In the post-World War One period, anyone wishing to court public favour with Parliament or the press had to toe the 'Australia Unlimited' line, or face public scorn and charges of disloyalty. Taylor knew the risks of contrariness, but he was more anxious to be noticed than liked. And he never doubted he was right — the telling marks of the self-styled prophet.

So he talked, and wrote ... and talked and wrote. Not only from his post as the founding chair of geography at the University of Sydney but to anyone he hoped to convert to his way of thinking. But words on their own were never sufficient for Taylor, who paired words and images in his work as a teacher and in his public outings, where he proved himself a gifted exponent for his creed of cautionary environmental determinism.

Ninety years before PowerPoint, he perfected the art of the illustrated lecture. He rarely spoke publicly without a lantern slide projector in which he placed his hand-crafted images, not of maps (as this geographical 'chap' might have been expected to use) but 'Griffograms', the name one of his colleagues invented to describe diagrams designed to strike the mind through the eye.

In old age, as Taylor, the proud scientist looked back over his career, he said of his Griffograms: 'they are my art.'

Australian National Problems 03:46

Professor Griffith Taylor speaks on the ‘Australian National Problems’. National Library of Australia

GRIFFITH TAYLOR: We have heard from many quarters, Australia described as a land full of wonder, beauty and unequaled resources. One writer, who ought to know better, has ventured to call our land ‘Australia Unlimited’. This is nothing more than propaganda, promoted by those who would profit from wild cat schemes. It is certainly not scientific nation planning. This would seem almost self evident, but it is ignored by almost all our politicians and, what is more surprising, by most of our publicists, who might be expected to know better.

It has for many years seemed to me that Australia requires an accurate survey of her possibilities.
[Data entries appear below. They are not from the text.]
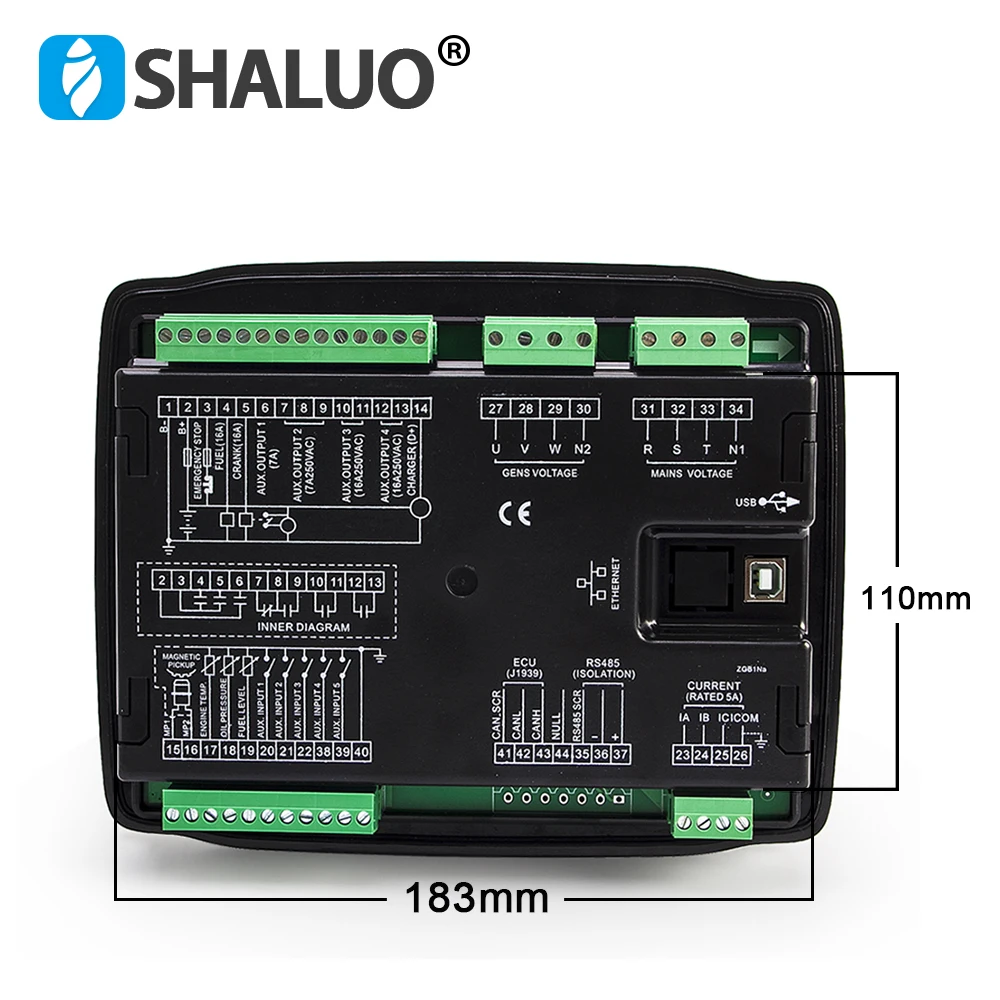 Imagem -02 - Auto Start Diesel Generator Controller Painel de Módulo de Controle Peças Genconjunto Eletrônico Substituir Hgm6120n Hgm6110n 6120u 6110u Amf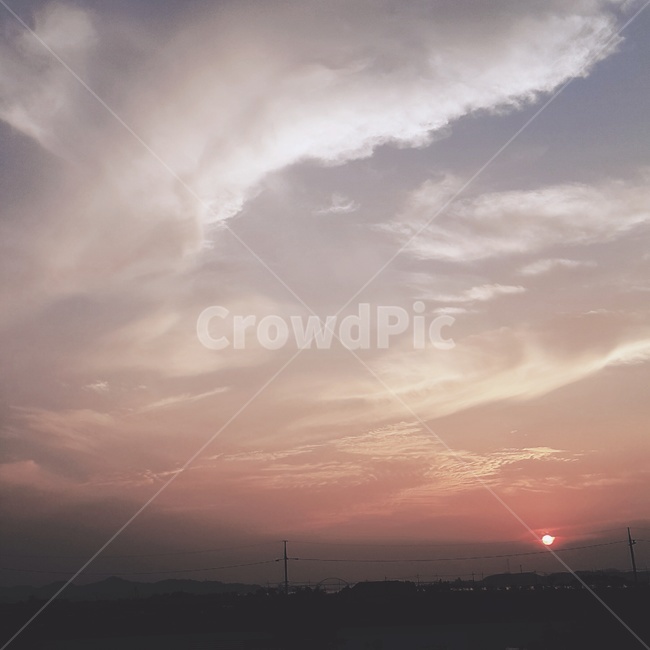 노을,하늘,구름,풍경,자연,자연,풍경,nature,landscape,outdoors,옥외,weather,날씨
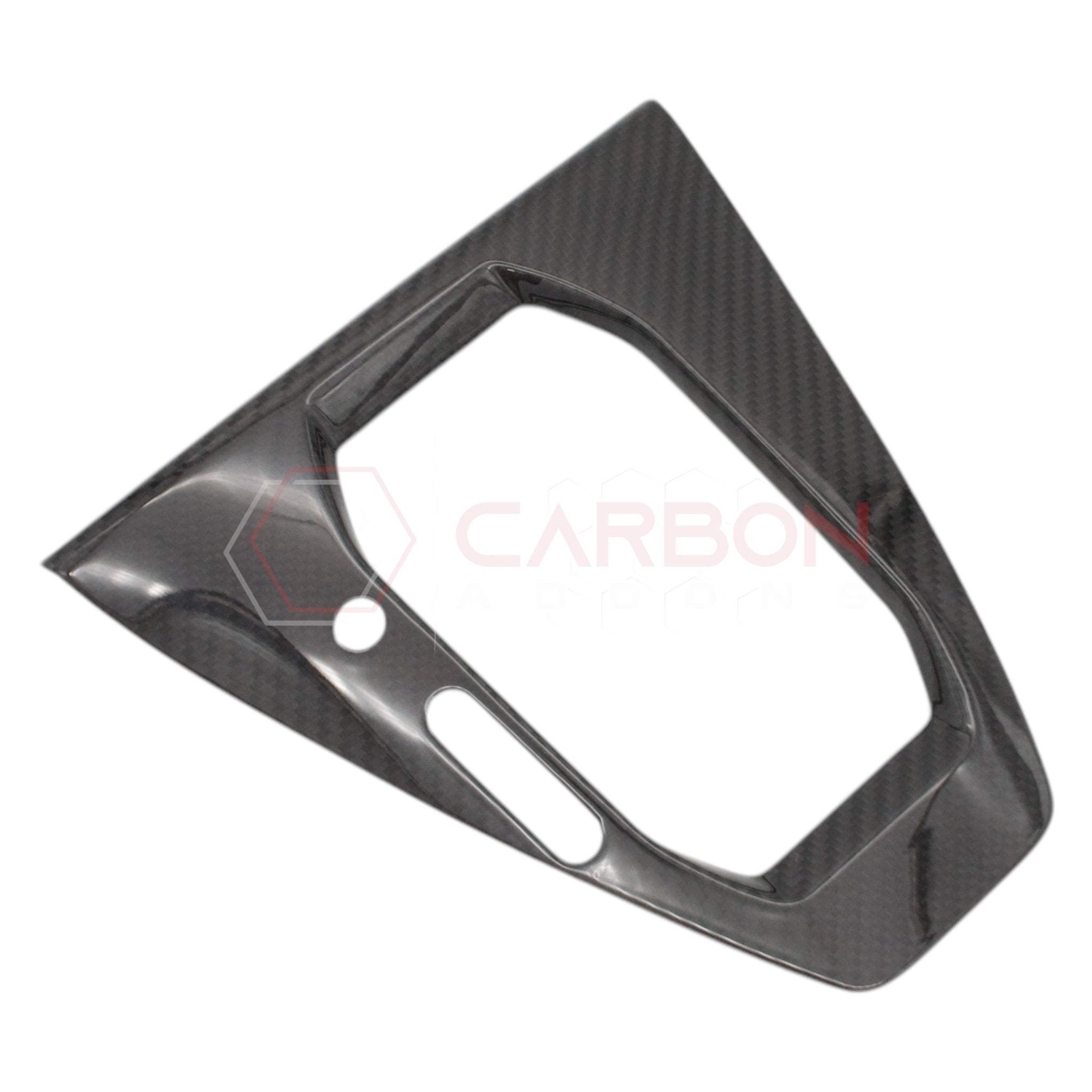 2024+ Ford Mustang Hard Carbon Fiber Gear Shift Trim Cover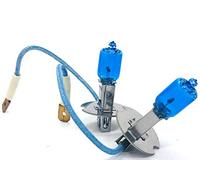 2xStück H3-55W - 12V - PK22s Xenon Optik Lights - Halogen Auto Lampen für Abblendlicht Fernlicht Zusatzscheinwerfer und Nebelscheinwerfer/chiavi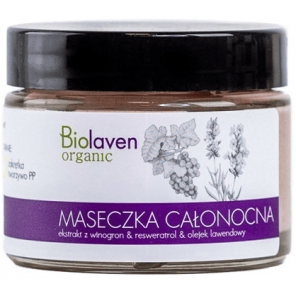 Biolaven Organic maseczka całonocna do twarzy, 45 ml - zdjęcie produktu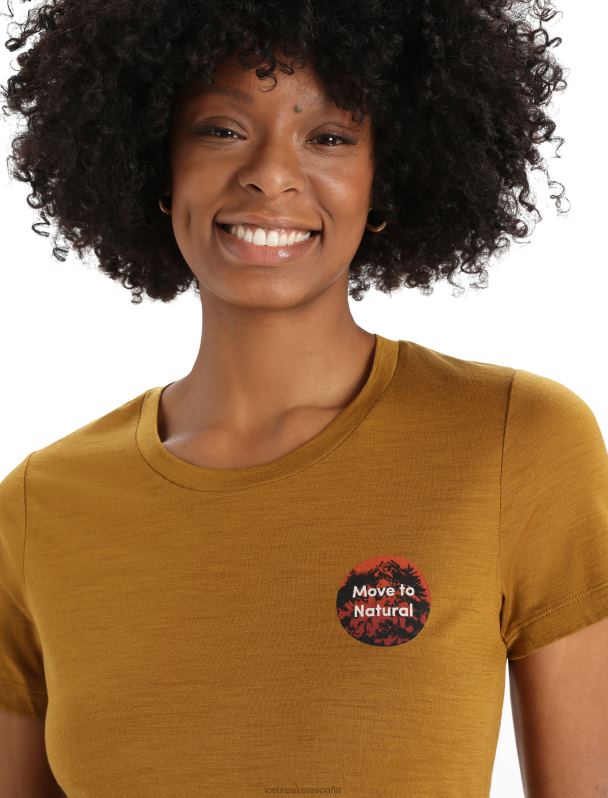 Icebreaker mujer camiseta merino tech lite ii manga corta alpes naturales 0V2J0812 ropa Clavo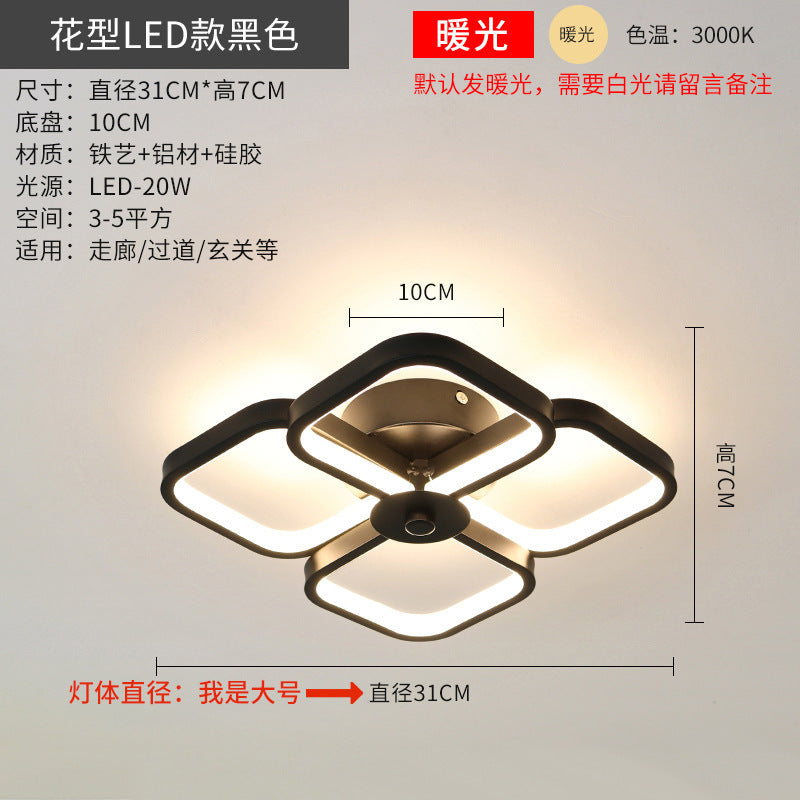 exclusive aisle lights balcony lights LED Modern Minimalist Nordic Creative Personality Cloakroom Living Room Entrance Light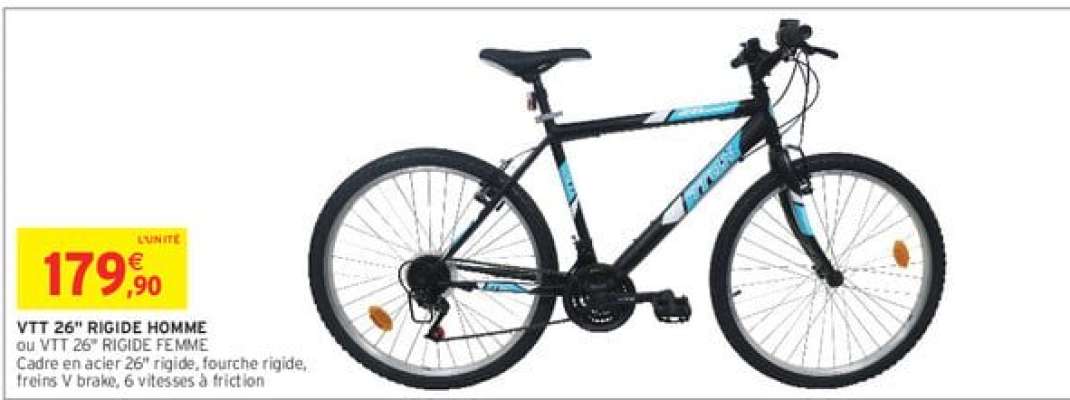 VTT 26" RIGIDE HOMME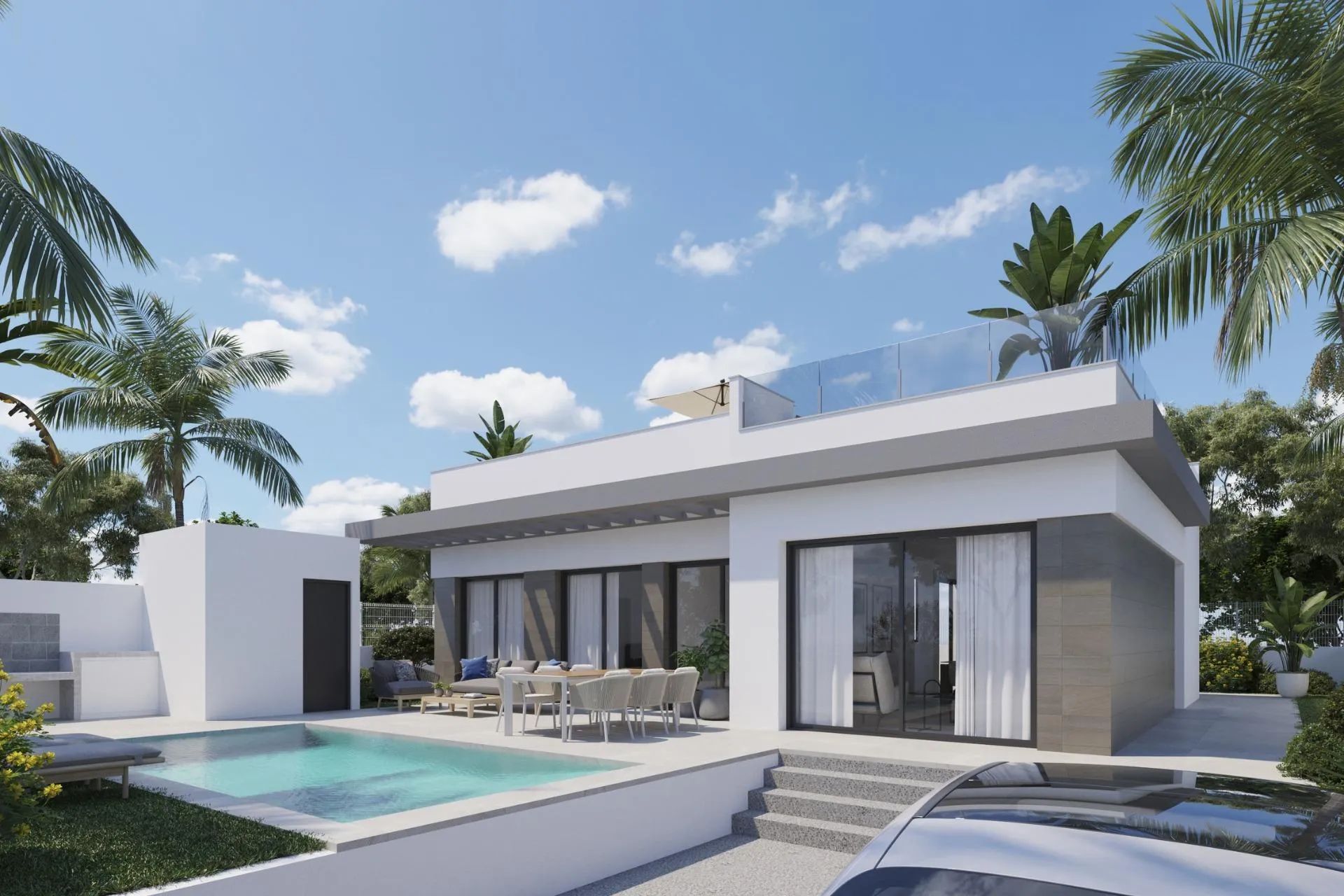 Schitterende nieuwbouw villa's in Polop: het perfecte toevluchtsoord aan de Costa Blanca foto {{pictureIndex}}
If we agree, as we must, that settlement in Australia has been controlled by such geographical factors as: temperature, rainfall, soil and minerals, no intelligent person can doubt that they will continue to shape the course of the nation.

Can Australia rid itself of its Antarctic neighbour, the refrigerator of the world’s climate and the cause of Australia’s arid centre? Certainly not. In Antarctica and later in Australia, my own extensive meteorological studies have provided our politicians the guidance they need, yet they refuse to use it properly.

And they have not, it seems to me, learned how to read maps. The expert in geography can show with maps the regions that are habitable, as distinct from the regions that are useless. This I have shown by studying Australia scientifically. By plotting it in relation to its homoclimes, that is, regions with similar climatic conditions.

Through this technique, we can see plainly that the arid lands of Australia have, in fact, much the same characteristics as the Sahara. Similarly, the climate of our tropical towns resembles the average conditions in Southern and Central India. This point of view was very obnoxious to those writers who roundly declared there was no desert in Australia and painted me as something of a pariah.

It has long seemed to me that a frank avowal of our difficulties and of the useless character of so much of our continent ought to be accepted by those false patriots who control the public purse. Unfortunately, our illogical optimists are vainly endeavouring to make a silk purse out of a sow’s ear. The wise statesman is he who moulds his policy in harmony with the varying environment for which it is his privilege to legislate. The foolish statesman is he who ignores unimpeachable authorities who dare to speak the truth.

May the day come when the public will say, ‘of every careful student of our discipline, he has studied material progress all over the world. He knows the possibilities and can interpret our environment to our best benefit. In a word, he is a competent geographer. We must listen to him’.